Son laboratoire a exposé trois lignées de fibroblastes humains, issues de trois donneurs différents, à 100 nanomolaires de dexaméthasone (un corticoïde puissant) en continu pendant toute leur durée de vie en culture, soit 150 à 250 jours selon la lignée. Résultat : la facture énergétique de ces cellules, l'énergie qu'il leur faut simplement pour rester en vie, grimpe de 61,9 %. Elles ne s'éteignent pas, elles s'emballent. Et cet hypermétabolisme se paye cash : instabilité de l'ADN mitochondrial, télomères qui raccourcissent plus vite, horloges épigénétiques qui accélèrent, durée de vie cellulaire réduite.
Une précision s'impose, et elle est décisive.
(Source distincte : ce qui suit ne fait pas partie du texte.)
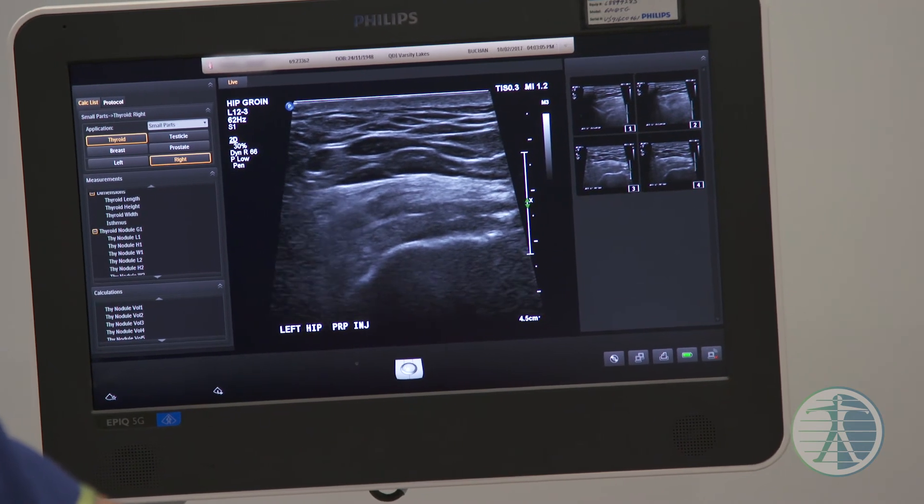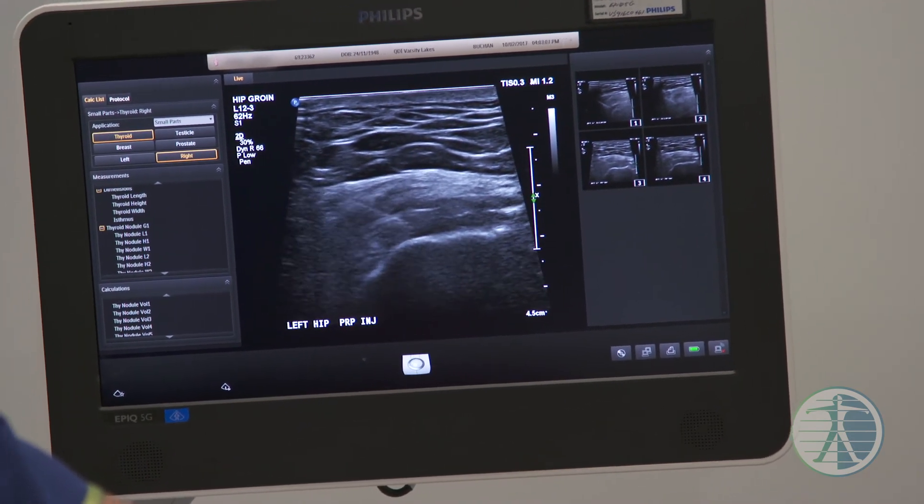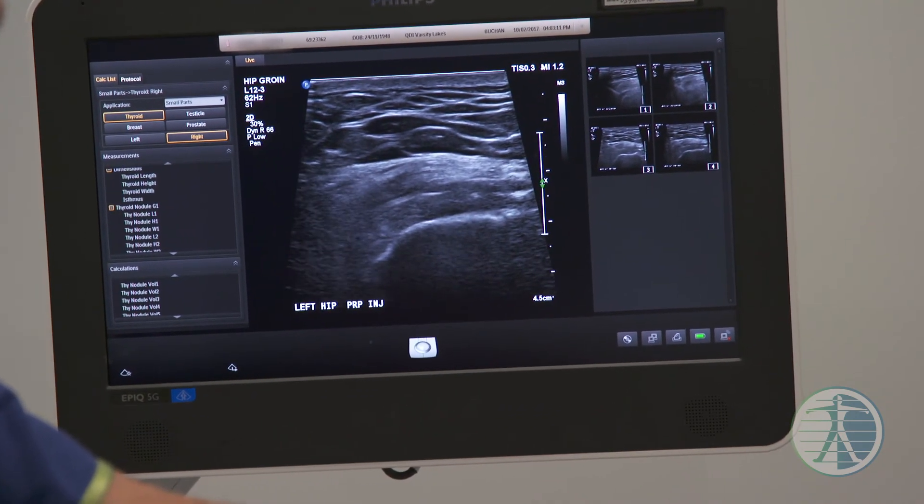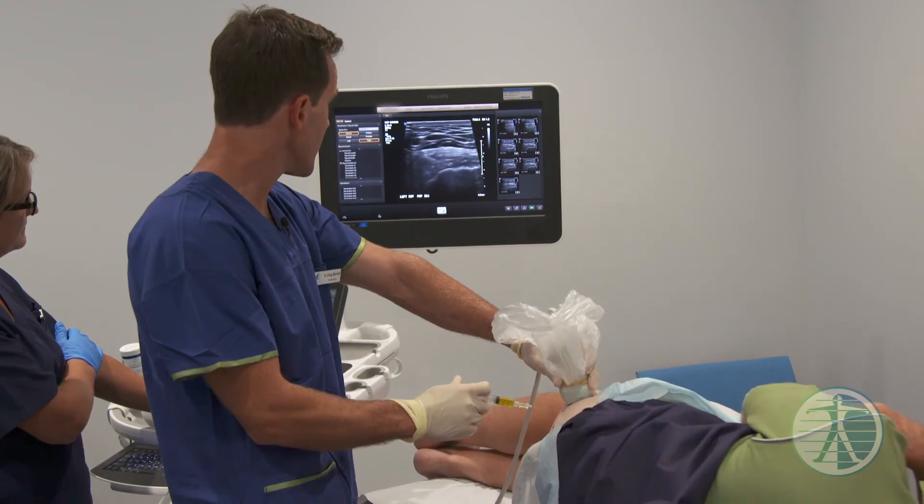What we do is called fenestration, where we make a couple of little holes in the tendon — it's not normal — and I'm just going to make a couple of little holes right where exactly we thought it was sore.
Cent nanomolaires d'un glucocorticoïde de synthèse, en continu pendant des mois, ne reproduisent pas une contrariété de bureau. C'est un modèle de charge glucocorticoïde soutenue, plus proche d'une corticothérapie prolongée. Ce qu'il mesure, c'est le coût énergétique d'une signalisation de stress qui ne s'arrête jamais.
LE CHIFFRE
61,9 %. C'est l'augmentation de la dépense énergétique mesurée en laboratoire sur trois lignées de fibroblastes humains, exposées en continu à un glucocorticoïde de synthèse pendant toute leur durée de vie cellulaire. Un modèle de laboratoire, pas une mesure faite sur des personnes.
Le stress n'est pas seulement un poids psychologique. C'est aussi un impôt énergétique, prélevé sur le budget qui devait servir à la réparation et à la défense antioxydante.
Son équipe a ensuite testé l'hypothèse directement chez l'humain. Elle a soumis des volontaires à un stress social aigu, une prise de parole devant un jury impassible, et a dosé le GDF-15. Il monte, dans la salive comme dans le plasma, en quelques minutes. Ce sont des résultats encore préliminaires : le volet salivaire est publié mais présenté par ses auteurs comme exploratoire, le volet plasmatique repose sur un preprint. Dans les données de la cohorte de Framingham, le GDF-15 est en moyenne plus élevé chez les personnes à revenu plus bas, à niveau d'éducation plus bas et à tension au travail plus élevée. Des associations, pas une démonstration.
Autrement dit, la molécule que le fœtus utilise pour dire « je suis là » à sa mère ressemble à celle que vos cellules utilisent pour dire « je n'y arrive plus » après une réunion humiliante.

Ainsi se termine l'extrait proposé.